## Aim of the task:
Would you copy exactly the lines in the data below from the one that has "Impreza Subaru GK2" through the one that has "Fruit Shell Shake", dropping any pictures?

======== Exercise data

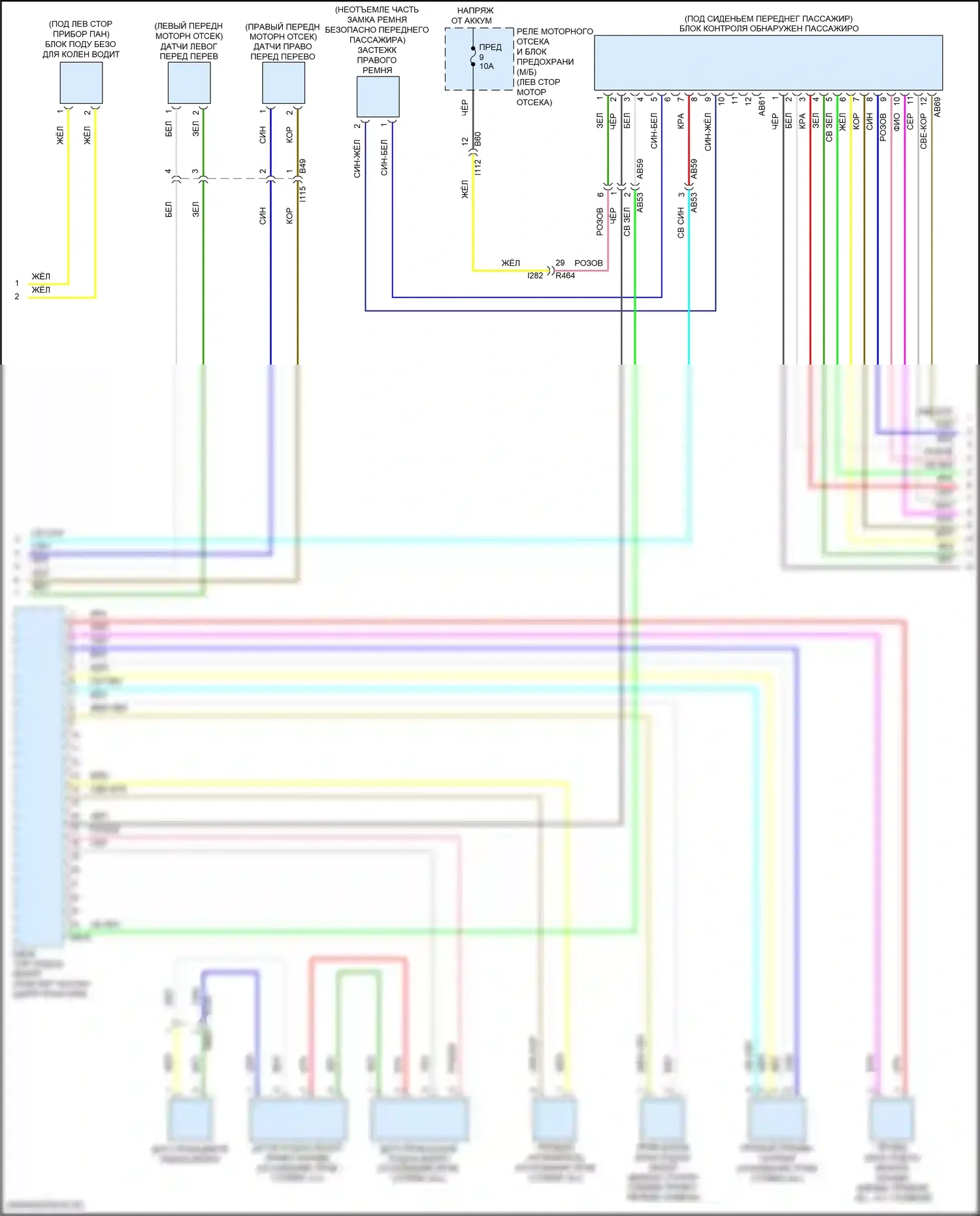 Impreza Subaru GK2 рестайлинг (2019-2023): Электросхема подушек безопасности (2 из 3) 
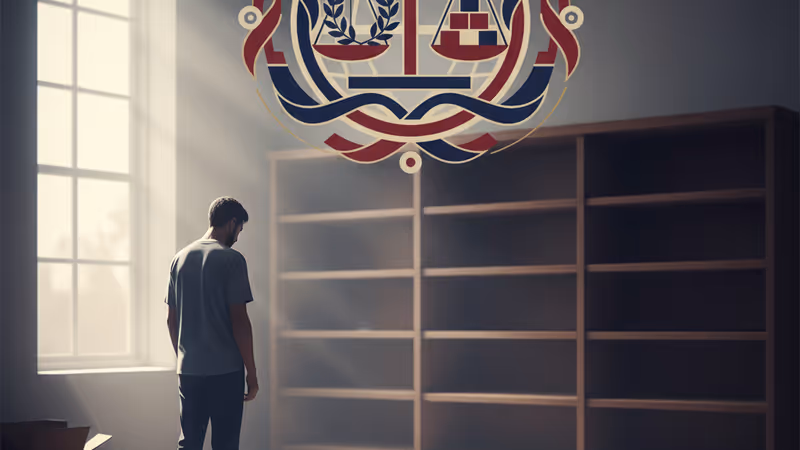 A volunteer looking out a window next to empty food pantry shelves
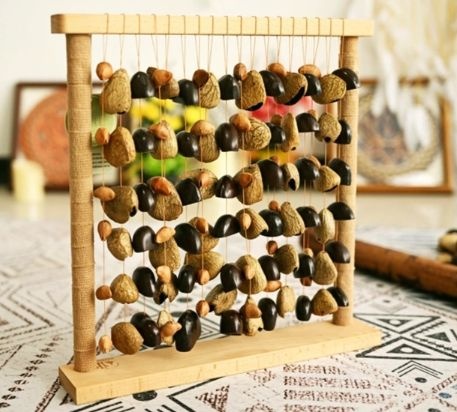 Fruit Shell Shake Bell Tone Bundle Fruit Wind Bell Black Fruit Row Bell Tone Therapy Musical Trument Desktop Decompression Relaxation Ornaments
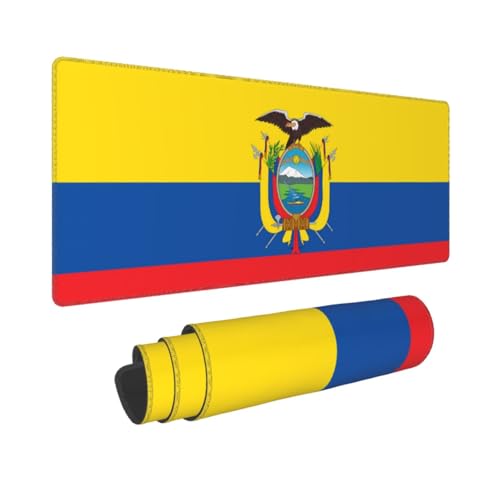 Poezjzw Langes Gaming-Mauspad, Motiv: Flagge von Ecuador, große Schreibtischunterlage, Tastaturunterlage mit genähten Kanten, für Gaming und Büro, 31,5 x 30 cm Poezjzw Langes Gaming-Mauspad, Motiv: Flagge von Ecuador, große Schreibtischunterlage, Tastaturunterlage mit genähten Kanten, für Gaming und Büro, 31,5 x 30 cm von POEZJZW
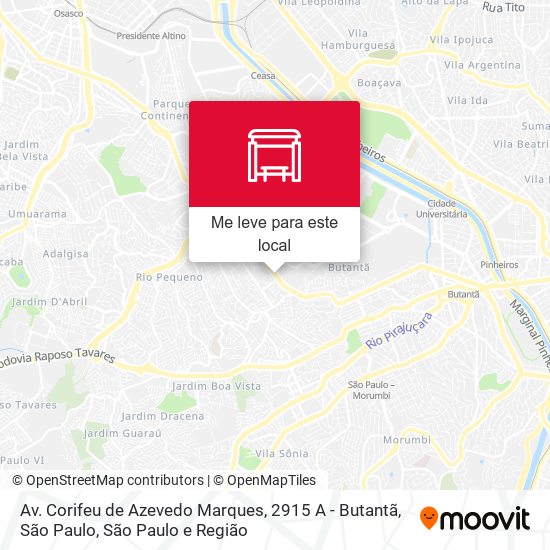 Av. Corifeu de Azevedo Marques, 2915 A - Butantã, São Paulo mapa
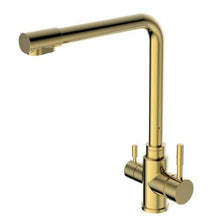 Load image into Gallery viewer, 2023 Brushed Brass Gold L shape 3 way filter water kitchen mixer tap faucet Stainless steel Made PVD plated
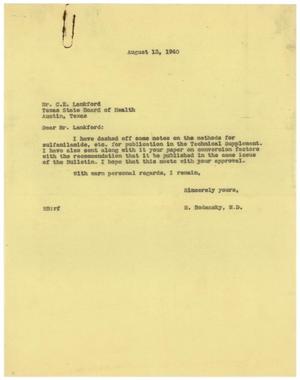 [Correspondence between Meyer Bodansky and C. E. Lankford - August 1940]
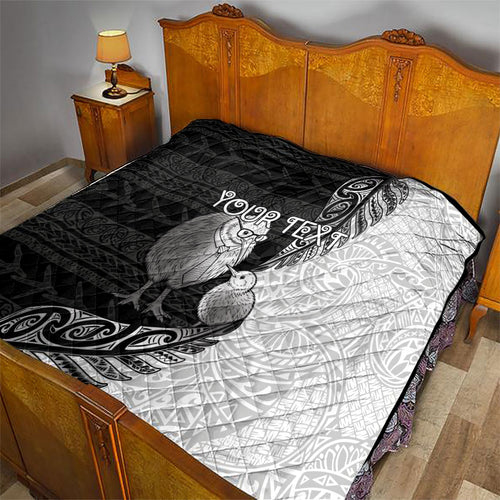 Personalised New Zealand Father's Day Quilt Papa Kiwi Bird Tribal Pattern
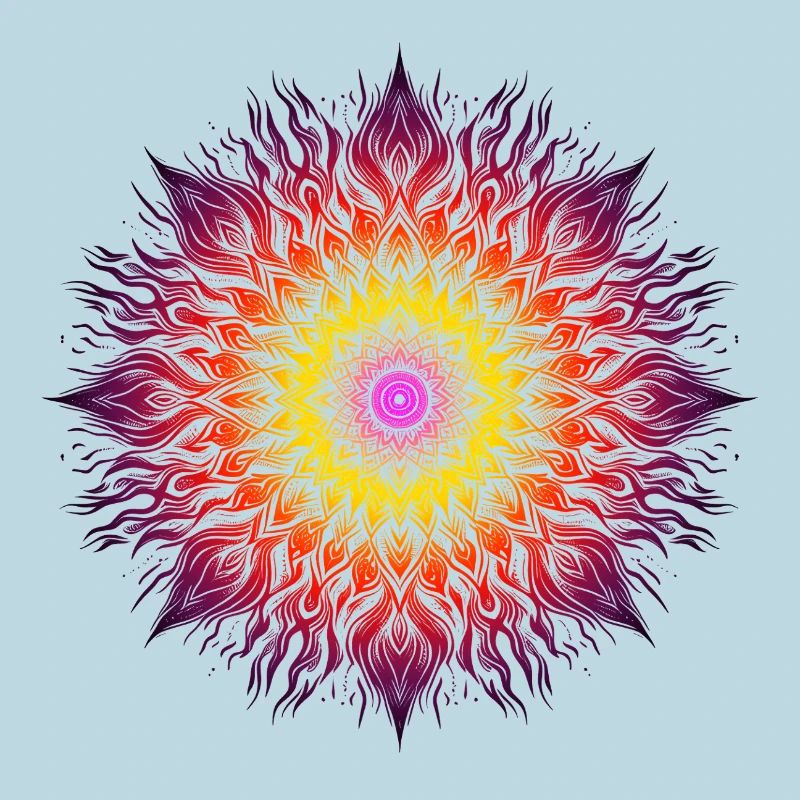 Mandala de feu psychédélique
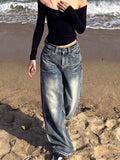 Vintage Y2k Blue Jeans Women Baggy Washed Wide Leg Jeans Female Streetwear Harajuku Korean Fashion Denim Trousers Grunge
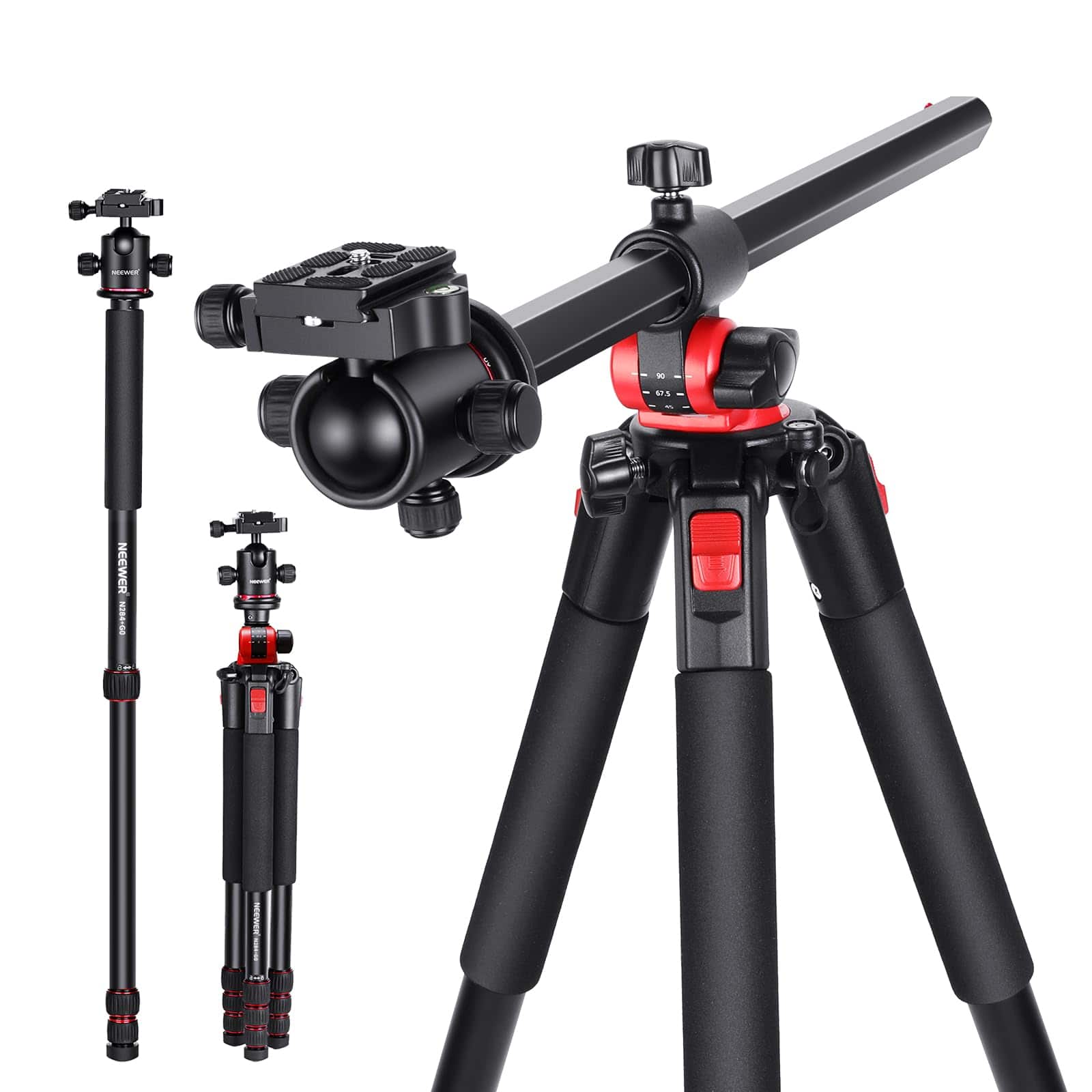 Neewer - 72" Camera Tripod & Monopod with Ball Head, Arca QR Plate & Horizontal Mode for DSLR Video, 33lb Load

================
======== Exercise data

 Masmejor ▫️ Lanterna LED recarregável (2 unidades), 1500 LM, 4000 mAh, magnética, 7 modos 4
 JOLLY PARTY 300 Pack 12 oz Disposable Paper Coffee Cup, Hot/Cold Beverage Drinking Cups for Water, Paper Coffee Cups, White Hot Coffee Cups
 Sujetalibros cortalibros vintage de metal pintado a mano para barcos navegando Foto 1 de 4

================
======== Exercise data

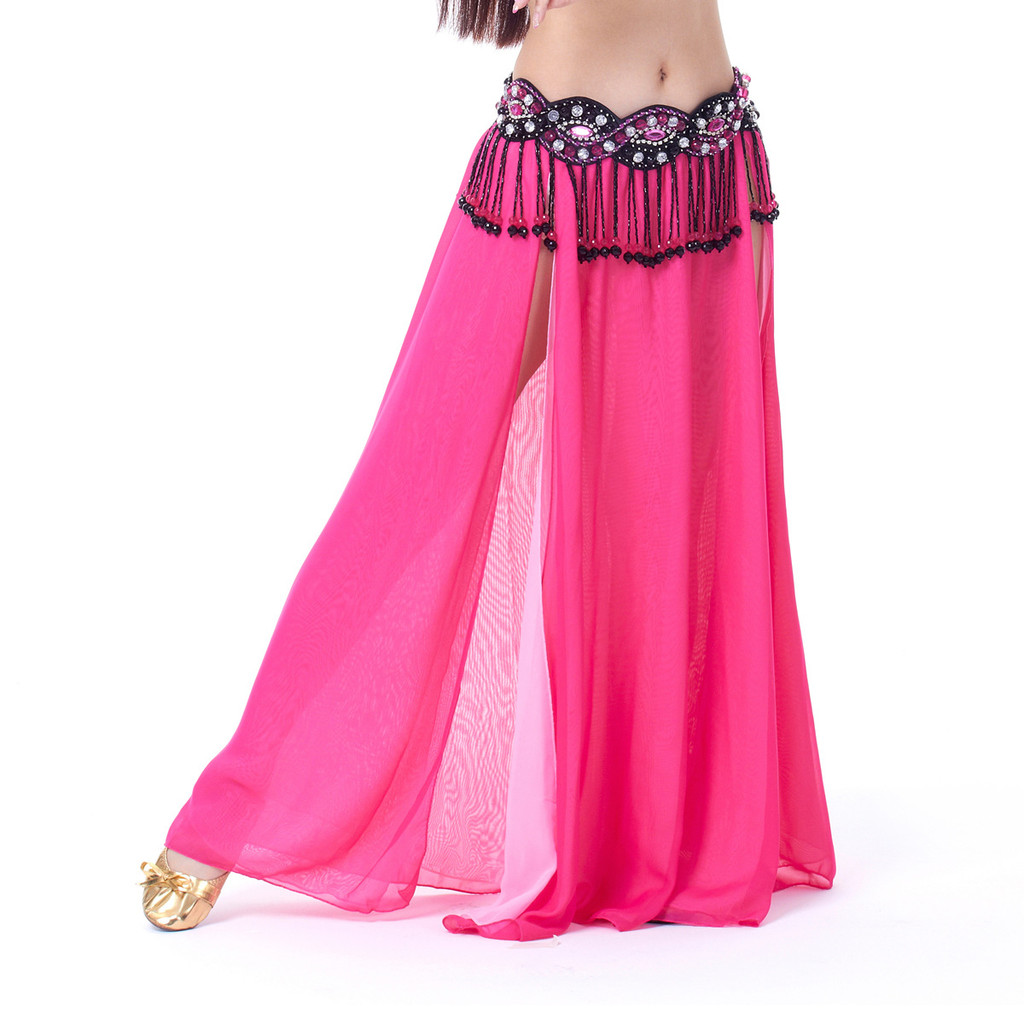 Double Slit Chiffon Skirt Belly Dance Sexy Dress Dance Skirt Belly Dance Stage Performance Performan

================

## Written response:
 Impreza Subaru GK2 рестайлинг (2019-2023): Электросхема подушек безопасности (2 из 3) 
 A volunteer looking out a window next to empty food pantry shelves
 Fruit Shell Shake Bell Tone Bundle Fruit Wind Bell Black Fruit Row Bell Tone Therapy Musical Trument Desktop Decompression Relaxation Ornaments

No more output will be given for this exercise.